Yerran quienes piensen que la paz está asegurada solo por el silencio de las armas. ¿Cuánto de inestabilidad y, por tanto, de posibles conflictos también puede encerrarse en la injerencia, la manipulación mediática y política de los pueblos, el irrespeto a los Gobiernos legítimos que cada nación ha tenido a bien darse mediante elecciones transparentes y limpias?
¿Cuánto de violencia social hay en políticas que descargan su iniquidad en los débiles, pretenden volver a apartar de su responsabilidad a los Estados y dejar la vida de la gente a merced del carrusel del mercado?
¿Cuánto de belicosidad encierra el ostensible deseo de la retrógrada derecha de fracturar una integración que ha dado pasos gigantescos en el derrotero de comportarnos, los latinoamericanos y caribeños, como un solo pueblo?
No, no solo las contiendas bélicas amenazan la convivencia pacífica.
La reflexión resulta necesaria transcurridos dos años de promulgarse la Proclama que declaró a América Latina y el Caribe como Zona de Paz: un acto de fe regional probablemente único, dirigido a salvaguardar la vida en armonía dentro y entre nuestras naciones, lo que es igual a concentrar los esfuerzos de nuestros Estados en lo que realmente más debe interesar: el desarrollo económico y social que favorezca una mejor existencia para sus pueblos.

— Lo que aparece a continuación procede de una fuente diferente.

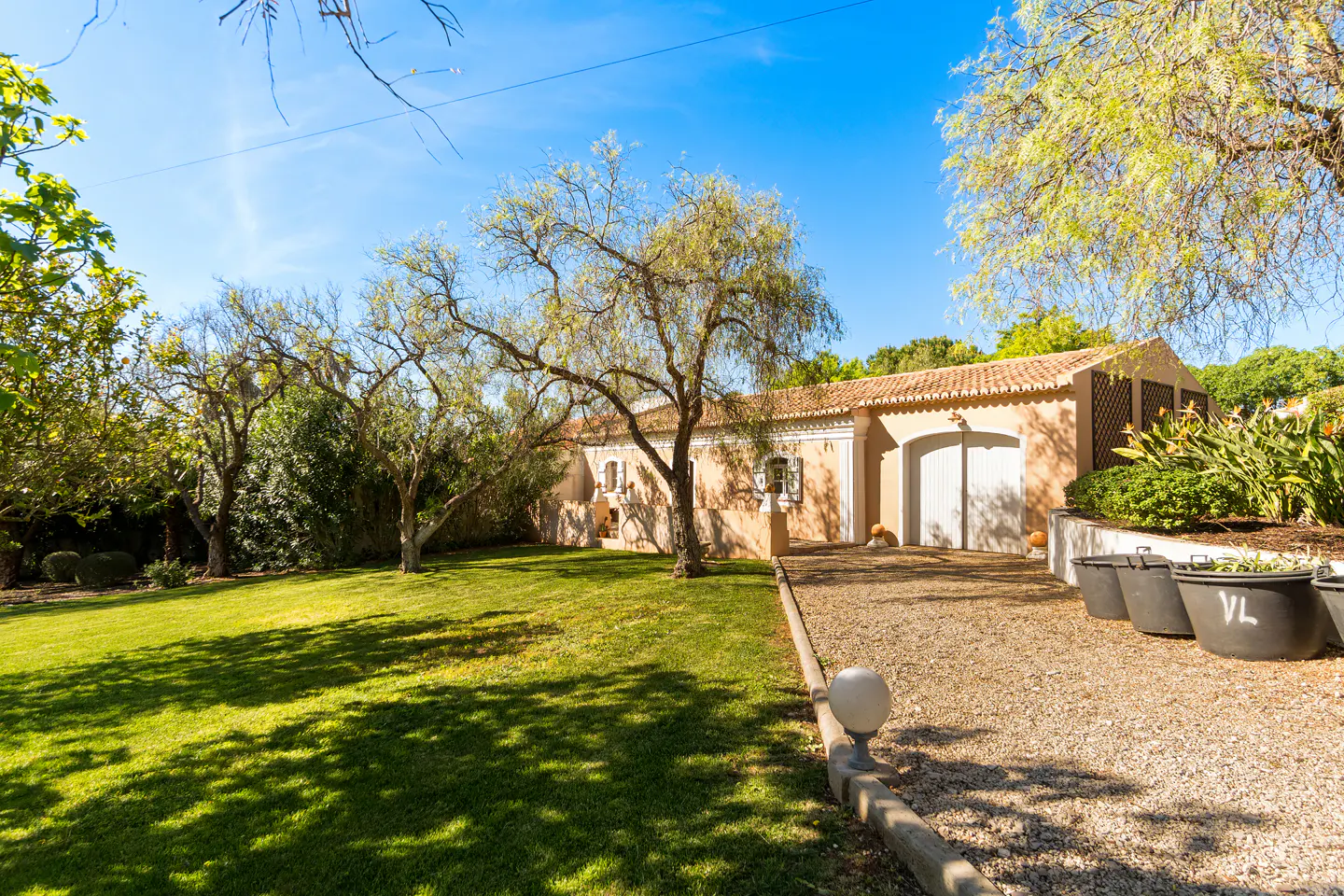 Exterior view of a tan house with a red tile roof, a green lawn, trees, and a gravel driveway on a sunny day.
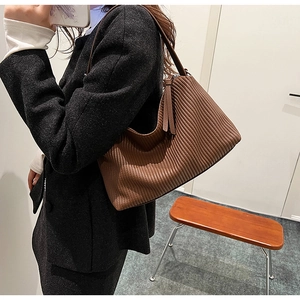 Detail of vintage brown leather tote bag showing unique vertical pleated texture on a model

Como enuncia el documento —suscrito en su segunda Cumbre por los jefes de Estado y de Gobierno de la Comunidad de Estados Latinoamericanos y Caribeños, lo que equivale a decir toda la región—, la vocación pacífica de sus naciones está expresada desde hace mucho, partiendo del Tratado de Tlatelolco para la Proscripción de las Armas Nucleares, que estableció así la primera zona libre de esos armamentos, hasta los acuerdos de paz suscritos por las partes en Colombia, que pronto deben hacer realidad una quimera y ya pusieron fin al ruido de las armas, con el casi unánime apoyo de la comunidad internacional.

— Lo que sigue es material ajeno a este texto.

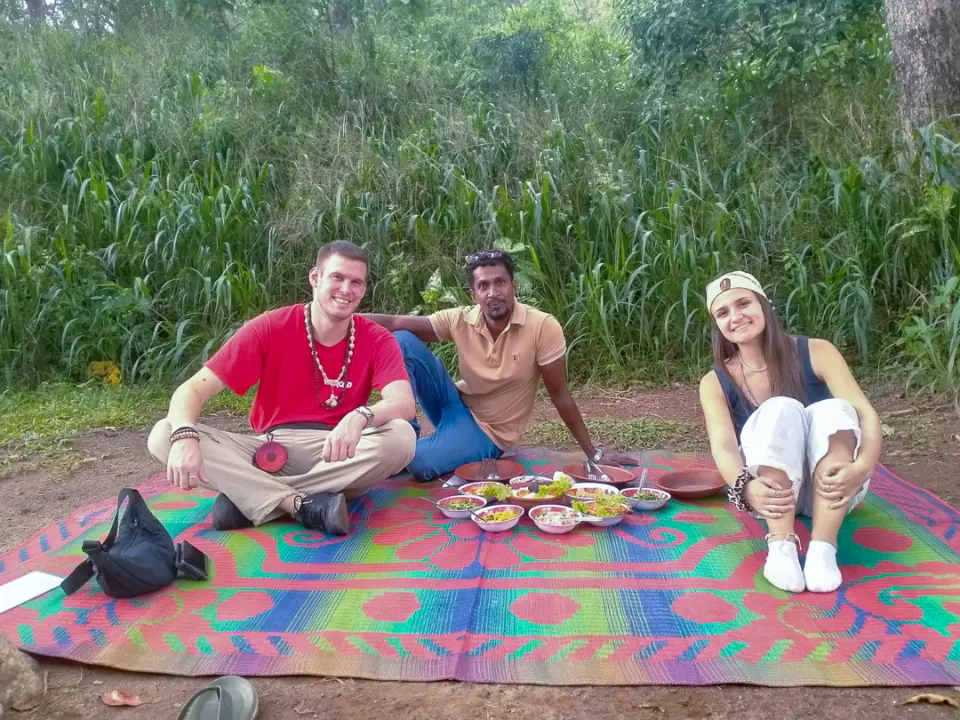 Two guests and their driver-guide sitting on a colourful mat with a spread of dishes, tall crops behind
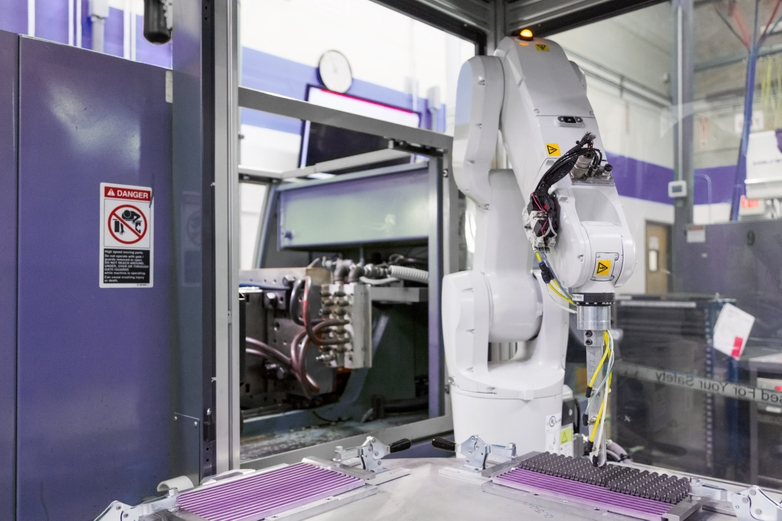 Robot arm moving metal injection molding parts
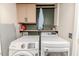 Laundry room with Samsung washer and dryer and storage cabinets at 516 Argyll Dr, Sanford, NC 27332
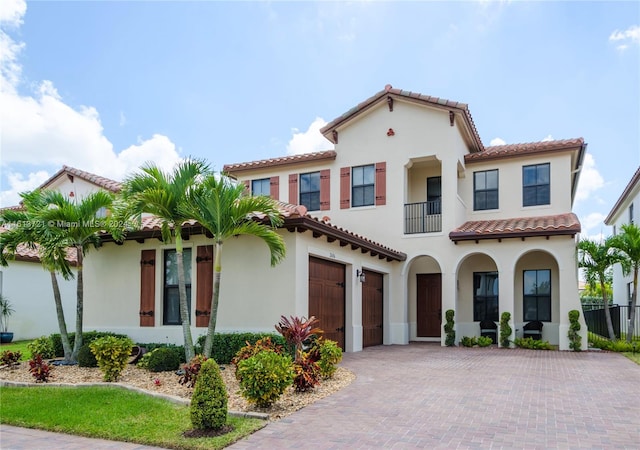 mediterranean / spanish-style house featuring a garage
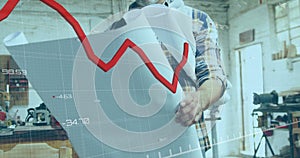 Animation of red graph processing over mature caucasian male carpenter with blueprints in workshop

No es que detener la carrera armamentista sea algo sin importancia. Todo lo contrario. Pero pasados ya, tal vez, los momentos más ardientes de diversos y añejos diferendos limítrofes que han tenido lugar en la región, y más recientes amagos de litigio resueltos con la participación de una entidad integracionista como la Unasur (Unión de Naciones Suramericanas), otros peligros, reitero, parecen agazapados para emboscar la paz.
Alertados por los golpes de Estado mal disfrazados de Honduras (junio de 2009) y Paraguay (junio de 2012), en buena parte del mundo contemplaron, no obstante, perplejos, la reciente asonada parlamentario-judicial en Brasil: un juicio político sin argumentos que pasó por encima al derecho de más de 54 millones de votantes para cambiar el curso de la historia en ese país, mientras en Bolivia se mueven recursos y fuerzas oscuras en el intento de soliviantar los movimientos sociales y populares contra Evo, y en Venezuela arremeten con todo contra la Revolución y el Gobierno de Nicolás Maduro, para lo que los enemigos toman como baza lo que más golpea al ciudadano: la economía.
Podría alguien preguntarse quiénes son los enemigos, y claro que la respuesta no sería solo la oposición derechista que no pararía mientes, si se diera el momento, de pedir una intervención extranjera.
Los enemigos de la paz latinoamericana y caribeña esconden sus rostros y ocultan sus nombres pero también están afuera. Ellos, sobre todo, deberían conocer bien la Proclama de América Latina y el Caribe como Zona de Paz.